El Santo Sepulcro, desde mi punto de vista, es un microcosmos en el que se descubre la belleza y las  dificultades, es un concentrado de emociones porque todo se resume aquí. Creo que lo que ocurre aquí dentro es nuestra pobre respuesta humana al sinsentido de la Resurrección, que este lugar atestigua: todo se concentra aquí, por eso no es un error llamarlo el centro del mundo.  Muchas veces me he preguntado el porqué de este lugar y de algunas dinámicas internas entre las distintas comunidades, y la única motivación que he encontrado es inherente al absurdo de este gesto de amor.

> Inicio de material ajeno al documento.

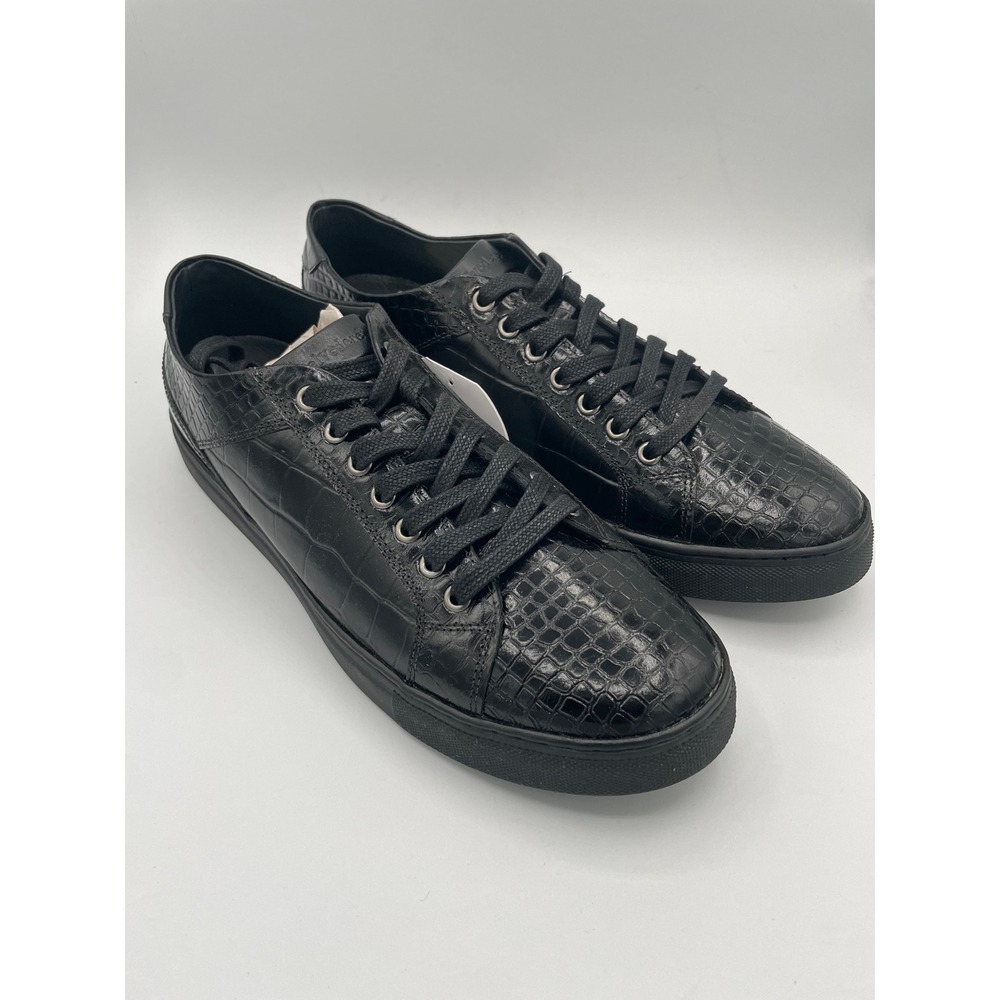 Belvedere Bernardo II Mens Black Crocodile Embossed Leather Sneakers Size 9 D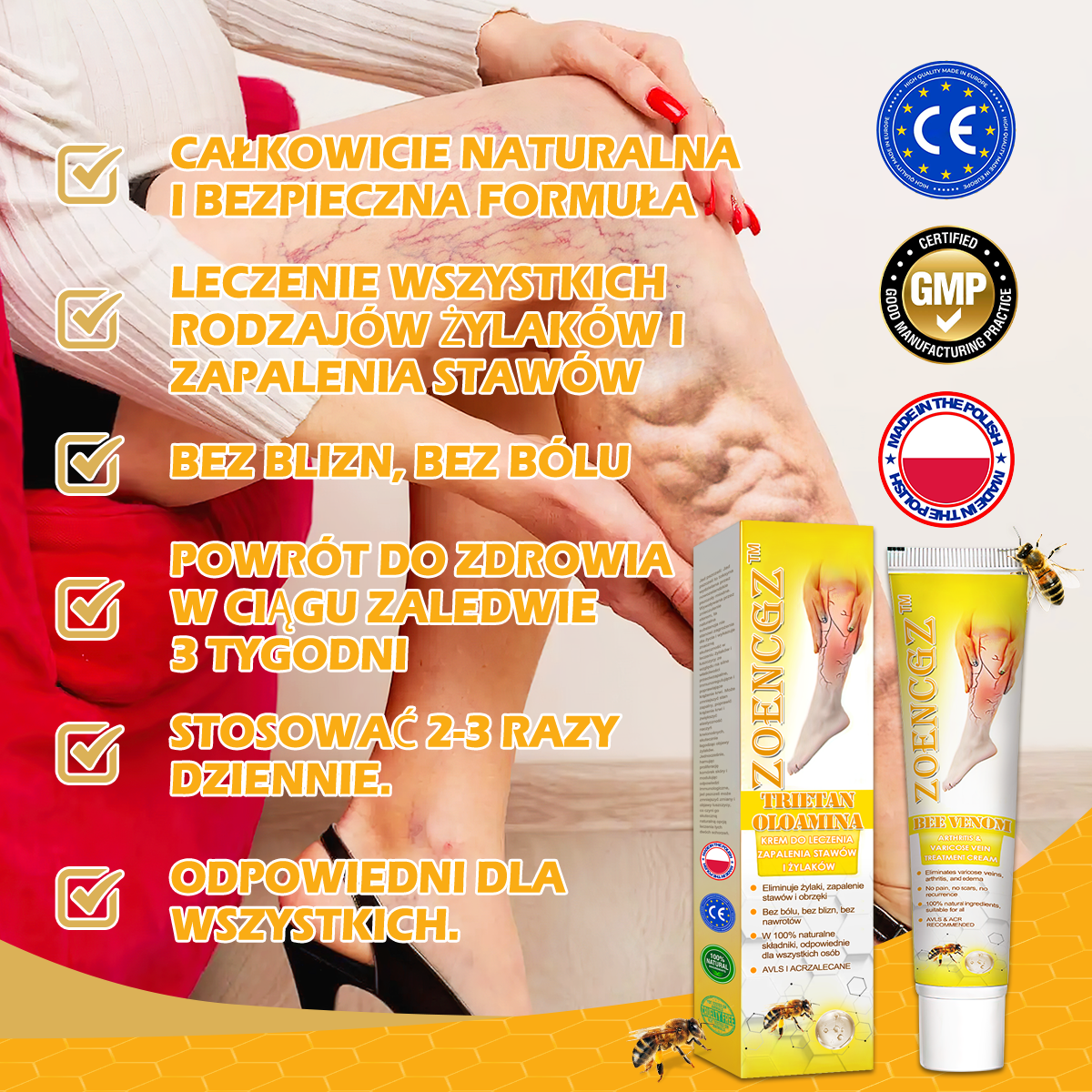 🏆🌈[✨Oficjalny sklep flagowy✨]Zoencgz™ Krem na zapalenie stawów i żylaki z jadem pszczelim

Aquí hay mucha belleza: la belleza de estar juntos, de conocer a los demás, de ver a greco-ortodoxos, armenios, coptos, sirios y etíopes que se empujan porque quieren estar más cerca, como ante la chimenea en pleno invierno. Vivir aquí, bajo el mismo techo con tantas comunidades, gestionando el mismo espacio, es un poco como vivir en un edificio de apartamentos donde se comparte la cocina pero cada uno tiene sus cazuelas y todos tienen que usar el mismo fuego… No es sencillo, pero esto es el Sepulcro y quien ha estado aquí lo entenderá bien: la locura del caos, pero un caos regulado.